Il semble de plus en plus probable que Guantanamo ne fermera pas en janvier comme prévu, victime d'un retard que des spécialistes attribuent essentiellement à la complexité de la tâche laissée par George W. Bush et qui ne doit pas cacher l'ampleur du chemin accompli.

Interrogé sur la date butoir du 22 janvier figurant sur le décret présidentiel qui ordonne la fermeture du camp, le secrétaire américain à la Défense, Robert Gates, a reconnu dimanche que «ça va être difficile».

Tenir cette date «va être plus compliqué que prévu» mais un retard «ne devrait pas poser de problème», tant que «on a un plan solide montrant qu'on avance dans cette direction», a-t-il ajouté.

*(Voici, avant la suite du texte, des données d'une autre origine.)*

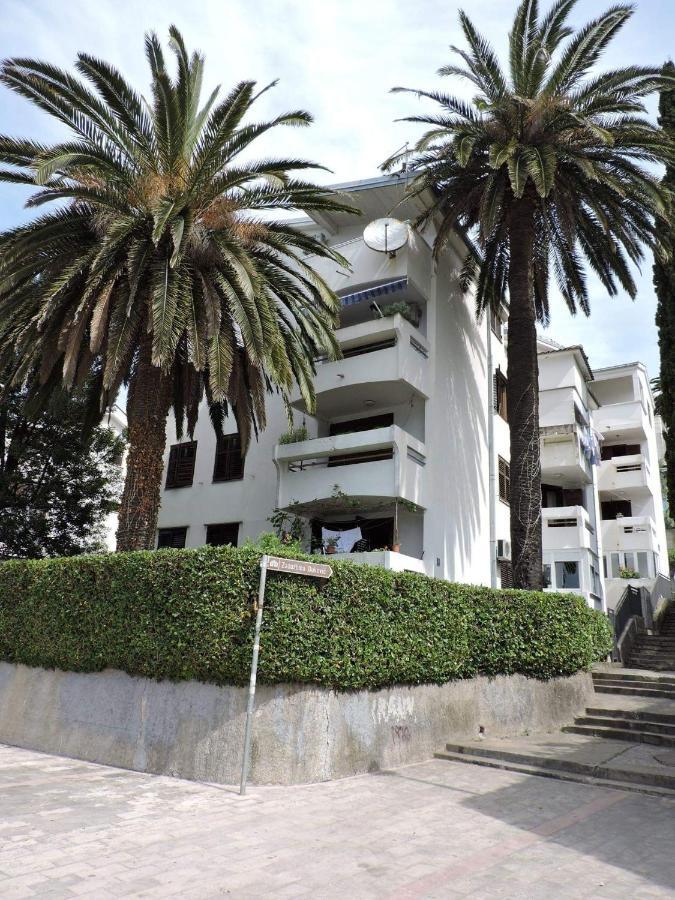 Apartment Dar & Mar Herceg Novi Buitenkant foto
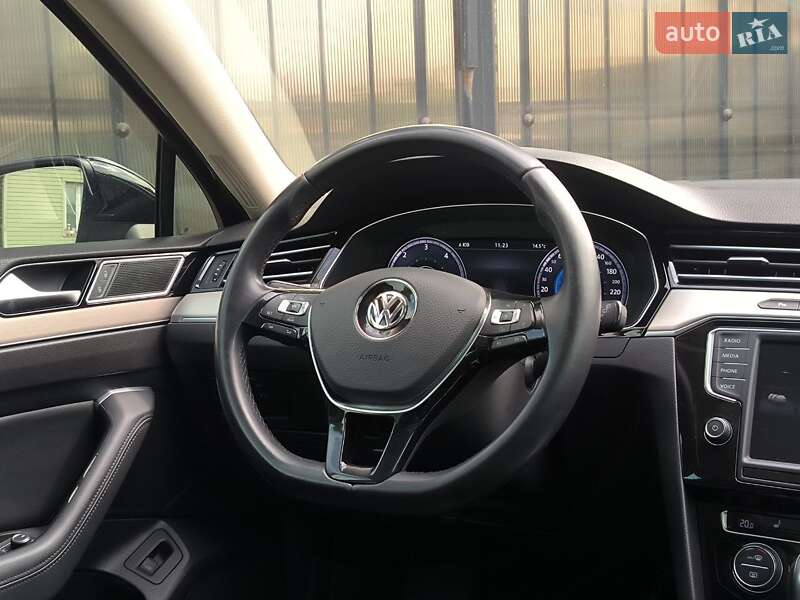Универсал Volkswagen Passat 2015 в Киеве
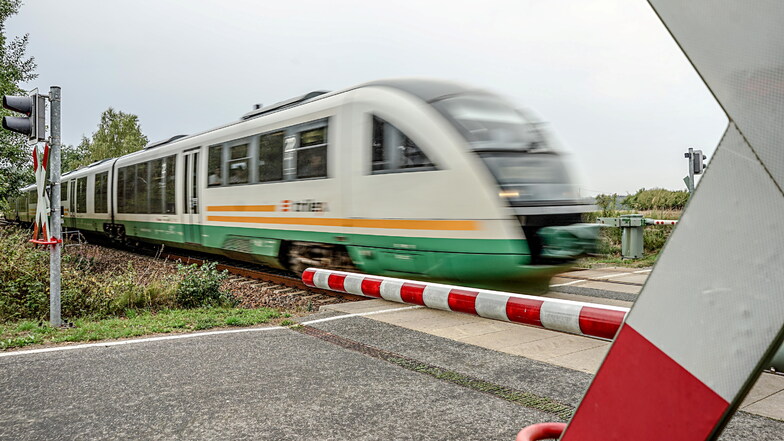 Drei Jugendliche aus einem Wohnheim in Bautzen wollten mit dem Zug nach Görlitz. Da sie keinen Fahrschein hatten, rief eine Zugbegleiterin die Polizei.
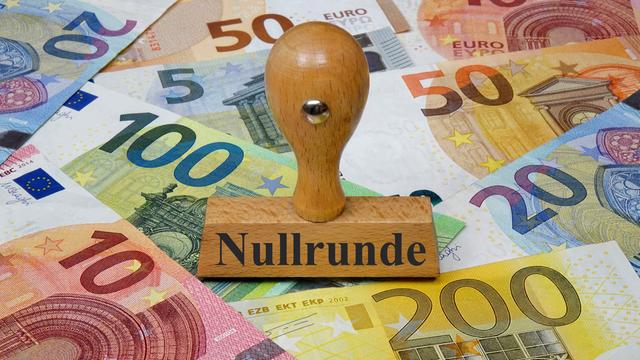 Auf diversen Geldscheinen steht ein Stempel mit der Aufschrift "Nullrunde"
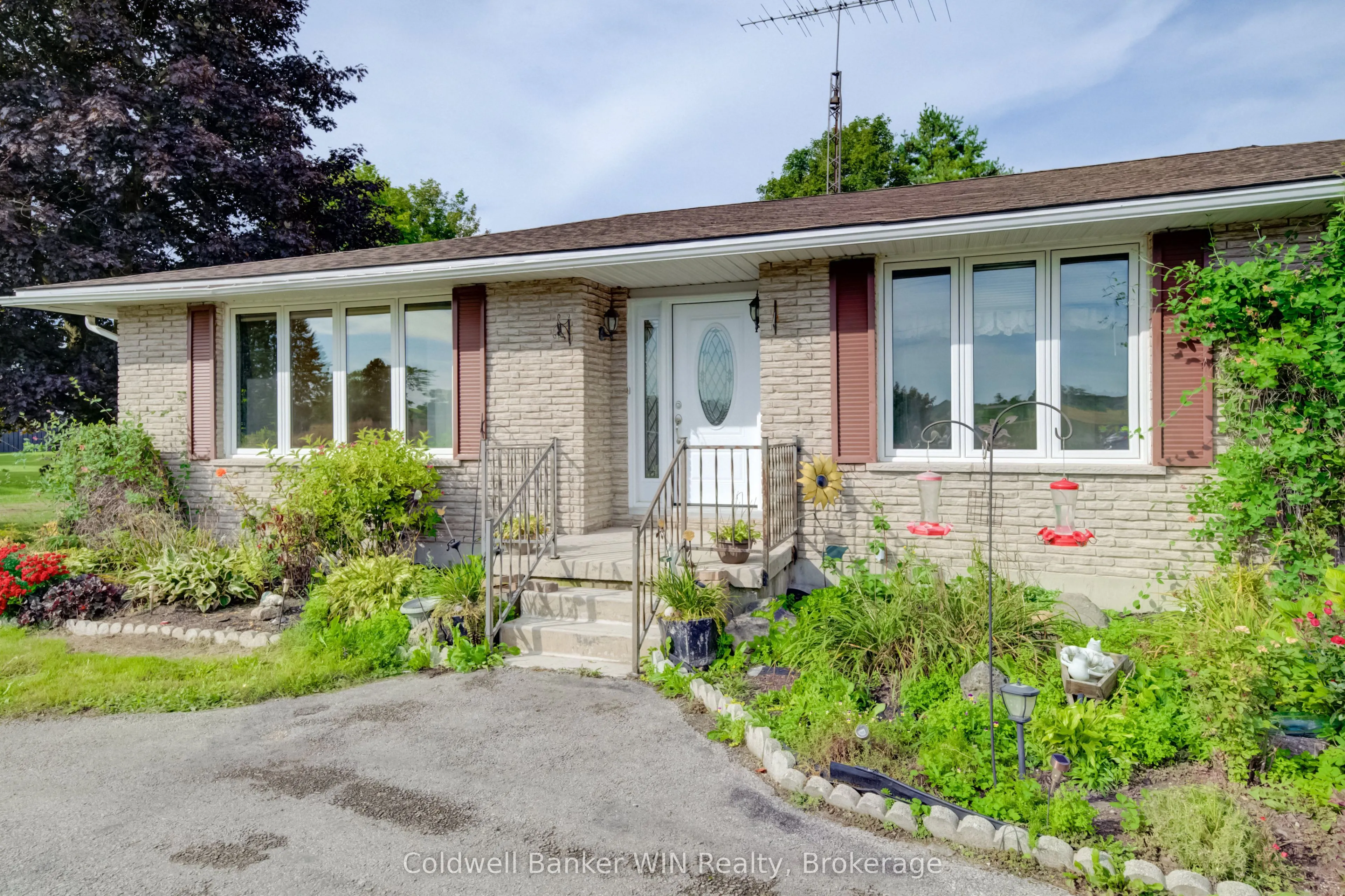392172 Grey Road 109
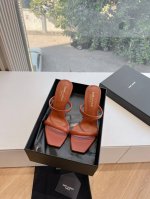 G988顶级品质Saint Laurent 圣罗兰坡跟鱼嘴凉鞋Lee金属钻链条尖头高跟鞋Ysl姐姐的美丽尤物高跟鞋 又是人间圣罗兰 Rose同款的高跟鞋化很好修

Sur les quelque 800 hommes qui sont passés par Guantanamo, 223 sont encore aujourd'hui détenus dans ses geôles. Parmi eux, environ 80 attendent d'être rapatriés ou accueillis par un pays tiers et une grosse soixantaine sont susceptibles d'être traduits en justice. L'administration n'a toujours pas décidé ce que deviendraient les autres, considérés comme trop dangereux pour être relâchés.

En arrivant à la Maison Blanche, Barack Obama, qui avait fait de la fermeture de la prison ouverte par George W. Bush pour enfermer les suspects de terrorisme une promesse de campagne, a trouvé une situation plus complexe qu'attendu.

Des dizaines de milliers de pages de documents éparpillés, des détenus à qui on a extorqué des informations sous la contrainte, absence d'accord diplomatique avec le Yémen alors qu'une centaine de détenus sont originaires de ce pays... Les obstacles sont apparus un à un.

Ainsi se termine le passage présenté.